Analysts at Berenberg downgraded mining group Hochschild from ‘buy’ to ‘hold’ on Friday, citing operational risks.
Berenberg stated that Hochschild had seen lower-than-expected grades at its Pallancata asset, as well as a lower silver price, leading the group to update its plan for the mine in 2022. Hochschild also noted that it is considering all options with regards to future ore production.
While Hochschild’s decision to reiterate guidance, Berenberg expects that Pallancata’s weakness will be offset by improved production elsewhere, it noted that management had cautioned that unless the exploration team at the site can discover “meaningful ounces” to be added to the mine’s plan, it will likely be placed on temporary care and maintenance.
“Consensus expects the mine to stop operating in FY 2024, alongside cost reductions; we believe this may be challenging, implying risk to the downside to current consensus forecasts.
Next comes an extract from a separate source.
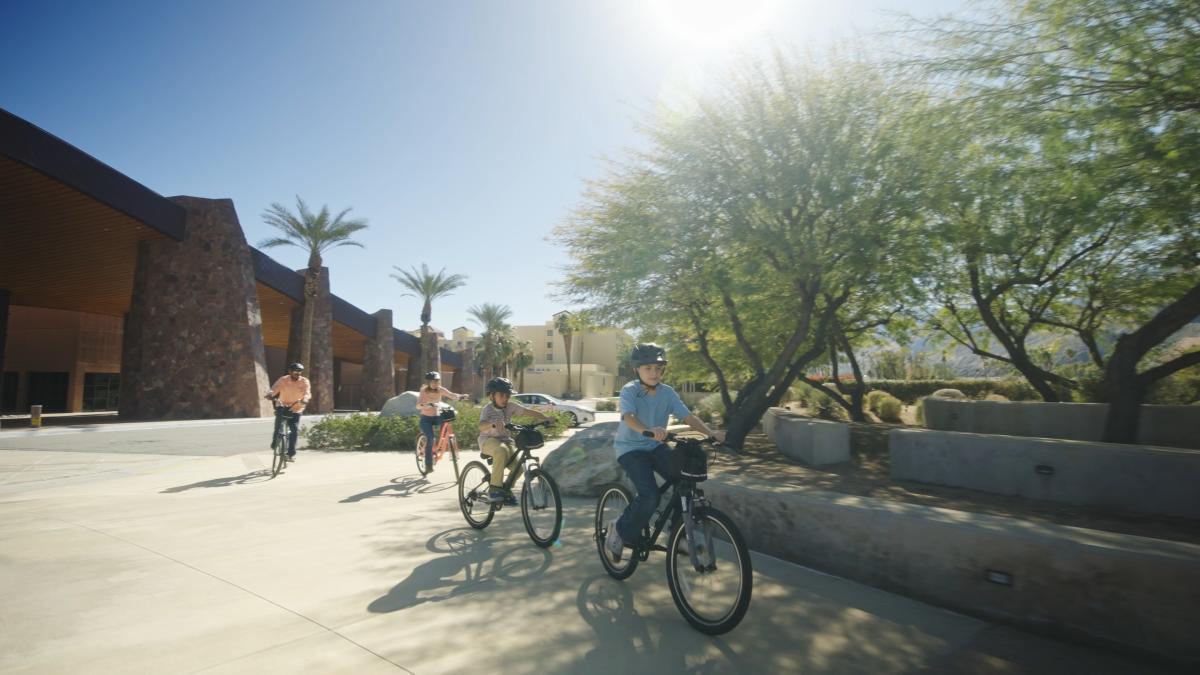 Family on bicycles in Greater Palm Springs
Without Pallancata in our model, our FY23 production estimates fall by 11% to 22Moz (SE) and our revenue estimates by 9% due to the lower production,” said the analysts, who also lowered their target price on the stock from 150.0p to 100.0p.
However, the German bank stated that improved costs across Hochschild’s portfolio had led to an improvement in underlying earnings of roughly 1%.
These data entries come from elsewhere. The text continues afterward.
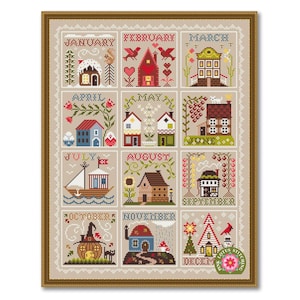 May include: A framed cross-stitch sampler featuring twelve seasonal house designs, each representing a month. The artwork includes houses, boats, and nature elements, with text indicating the months. The frame is a warm brown color.
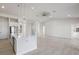 Modern kitchen with white cabinetry, quartz countertops, and island at 208 Snowy Orchid Way, Lake Alfred, FL 33850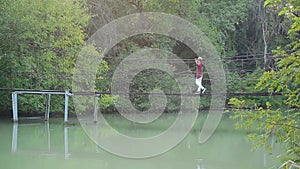 Glamorous handsome blond man walks on suspension bridge over river in amazing beautiful pictorial place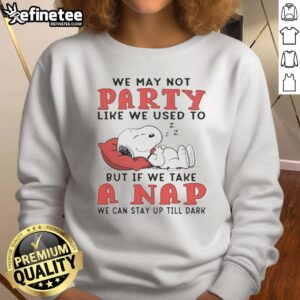 Cozy sweatshirt featuring Snoopy with 'We may not party like we used to' quote, perfect for casual wear and napping.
RBC Capital Markets downgraded tonic maker FeverTree on Friday to ‘underperform’ from ‘sector perform’ and slashed its price target on the stock to 700.0p from 1,600.0p.
“Headwinds are accumulating against the top line and our industry contracts are increasingly bearish on the US,” said RBC. “In addition, we no longer have any confidence margins will improve in the near term.”
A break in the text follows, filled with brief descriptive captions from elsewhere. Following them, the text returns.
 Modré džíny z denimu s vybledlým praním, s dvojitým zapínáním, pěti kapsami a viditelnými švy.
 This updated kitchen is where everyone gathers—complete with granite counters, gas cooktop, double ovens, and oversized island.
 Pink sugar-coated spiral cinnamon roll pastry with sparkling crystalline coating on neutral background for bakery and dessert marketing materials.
The Canadian bank also said FeverTree’s 2021 margin was actually in line with other soft drink peers.
FeverTree shares tumbled last week after a profit warning, as it downgraded its underlying earnings guidance for the year to somewhere between £37.5m and £45m, down from previous guidance of £63.0m-66.0m.
JPMorgan Cazenove downgraded Quilter on Friday to ‘neutral’ from ‘overweight’ and cut its price target on the stock to 115.0p from 180.0p.
“We mark to market our model, reducing our 2022E/23E earnings per share by 16%/22%, mainly due to Quilter’s revenue sensitivity to assets under management levels,” JPM said.
JPM also lowered its 2022-23 net flow estimates by around 15%, saying it expects the current macro environment to reduce savings and slow down the onboarding of new advisers on the platform.
“Consistently with this view, Morningstar’s data suggest negative flow momentum at Quilter Investors, and The Investment Association reported weak flows in April and May,” noted JPM, which also placed the shares on ‘negative catalyst watch’ into the first-half results on 10 August.
“We see that the negative market impact on earnings, and the potentially disappointing net flows are not fully reflected in consensus with our EPS estimates sitting 10-20% below for ’22e-’23,” it added.
Canaccord Genuity downgraded kettle controls manufacturer Strix downgraded from ‘buy’ to ‘hold’ on Friday, stating headwinds were now “biting”.
Canaccord Genuity made the move after Strix announced that it now expects full-year adjusted profit after tax to be broadly in line with consensus estimates of £32.2m, despite a challenging first half that saw several big name brands pull out of Russia, resulting in a loss of up to £7.0m in kettle control and water revenues, while cost inflation and Covid-19 related expenses also continued to impact margins.
The Canadian bank noted the group had increased kettle control and water prices by an average of 4-5% to offset inflation and intends to flex its variable cost base and drive production efficiencies through the second half as part of an effort to minimise the impact. Strix also cited “a seasonal 2H weighting” across its core kettle control business.
However, Canaccord remains “unconvinced” that sufficient growth will flow in the near term from the water and appliance verticals to meet Strix’s target of doubling revenues to roughly £200.0m by 2025.
“We think the lifestyle products it provides such as water jugs, filters, and chillers will not be immune to consumers tightening their belts, and they will likely trade down/use products for longer as inflation bites and fears of a recession rise,” said Canaccord, who lowered its target price on the stock from 300.0p to 200.0p.
“We take a cautionary stance, downgrading our 2022E PAT forecast to £30.5m (from £32.1m) which results in 5% EPS downgrade.”